[Stored items]
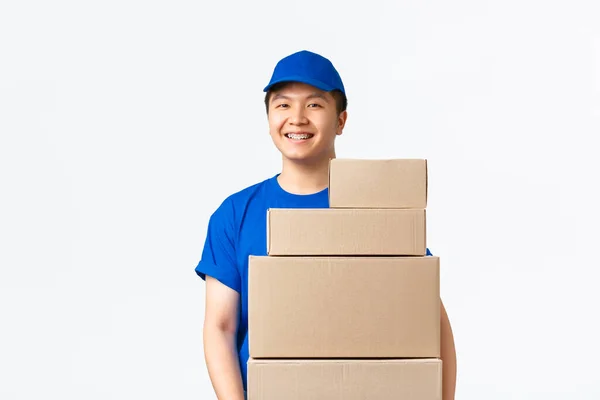 Compras online, concepto de envío rápido. Agradable mensajero asiático sonriente, repartidor en uniforme azul llevar paquetes a la puerta, llevar cajas con órdenes y de pie fondo blanco —  Fotos de Stock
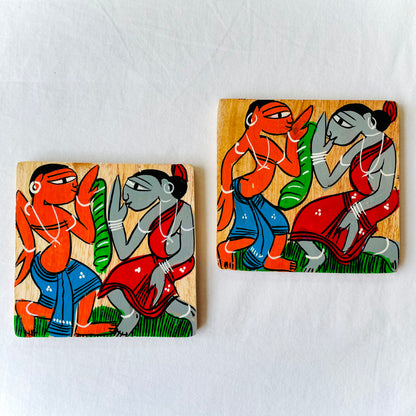Two square wood coasters displayed against a white background feature two tribal characters dancing
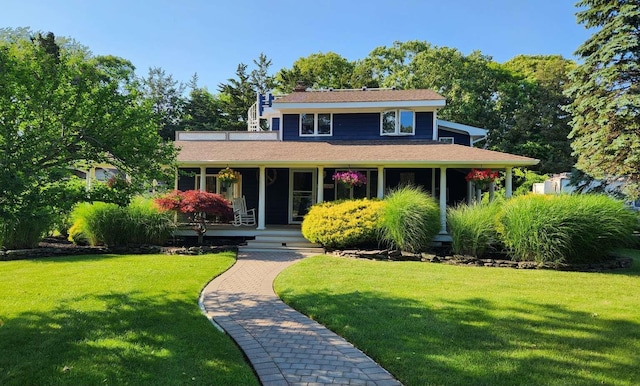 view of front of house featuring a front lawn and a porch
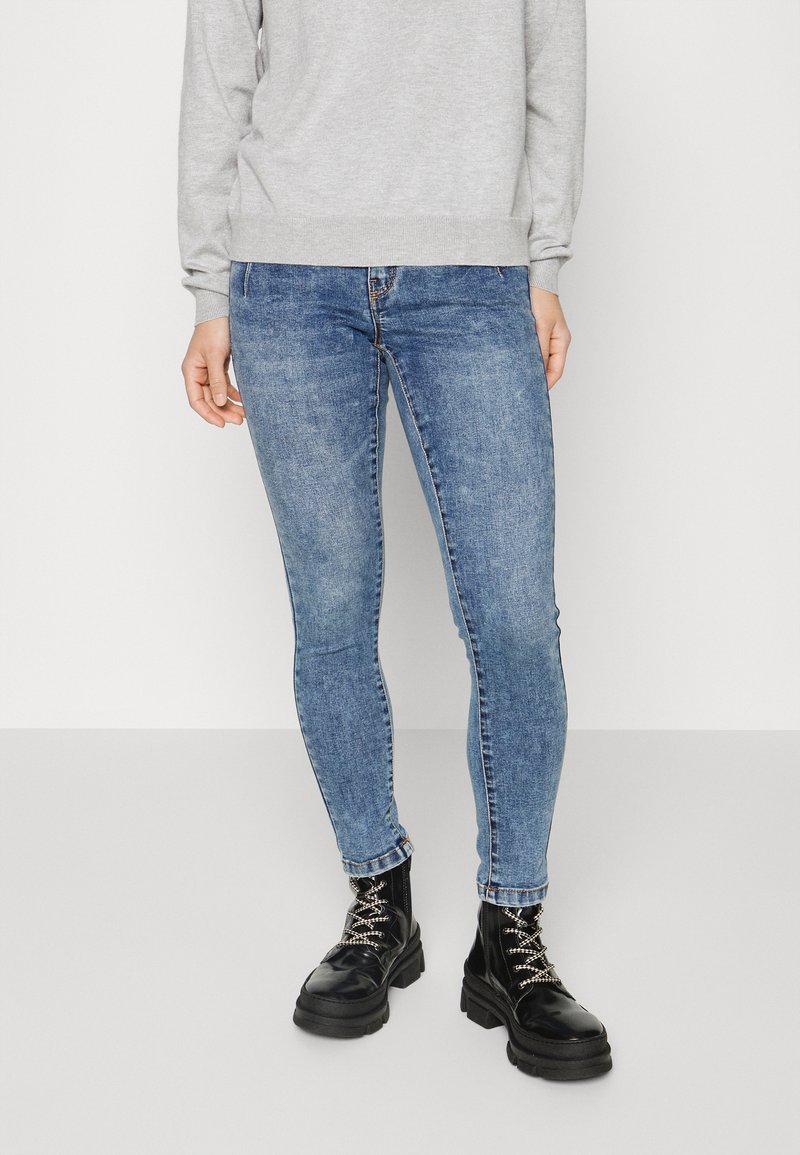 Jeans de ganga azul skinny com um acabamento desbotado, combinados com botas de combate pretas robustas com detalhes em prata e atacadores.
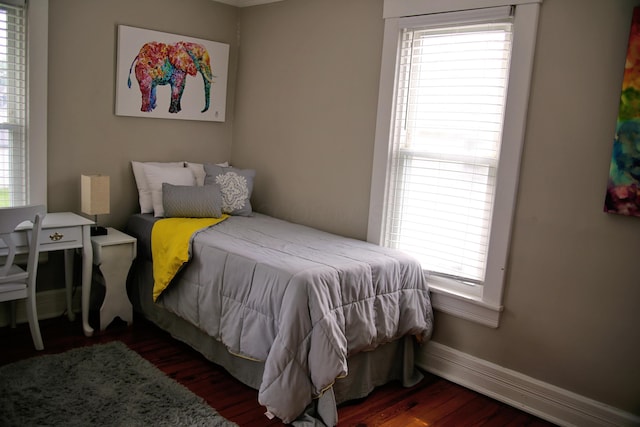 632 E 5th Ave, Lancaster, OH 43130 - bedroom with wood finished floors, multiple windows, and baseboards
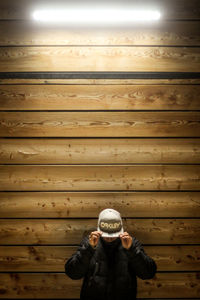 Full length of a man standing against wall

◆ WHAT IS BEING ASKED: Before answering, find the line with "view of front" in the records above; then reproduce exactly each line from the first through that line, leaving out pictures.

◆ SOLUTION FOR THIS PROBLEM:
 Compras online, concepto de envío rápido. Agradable mensajero asiático sonriente, repartidor en uniforme azul llevar paquetes a la puerta, llevar cajas con órdenes y de pie fondo blanco —  Fotos de Stock
Two square wood coasters displayed against a white background feature two tribal characters dancing
 view of front of house featuring a front lawn and a porch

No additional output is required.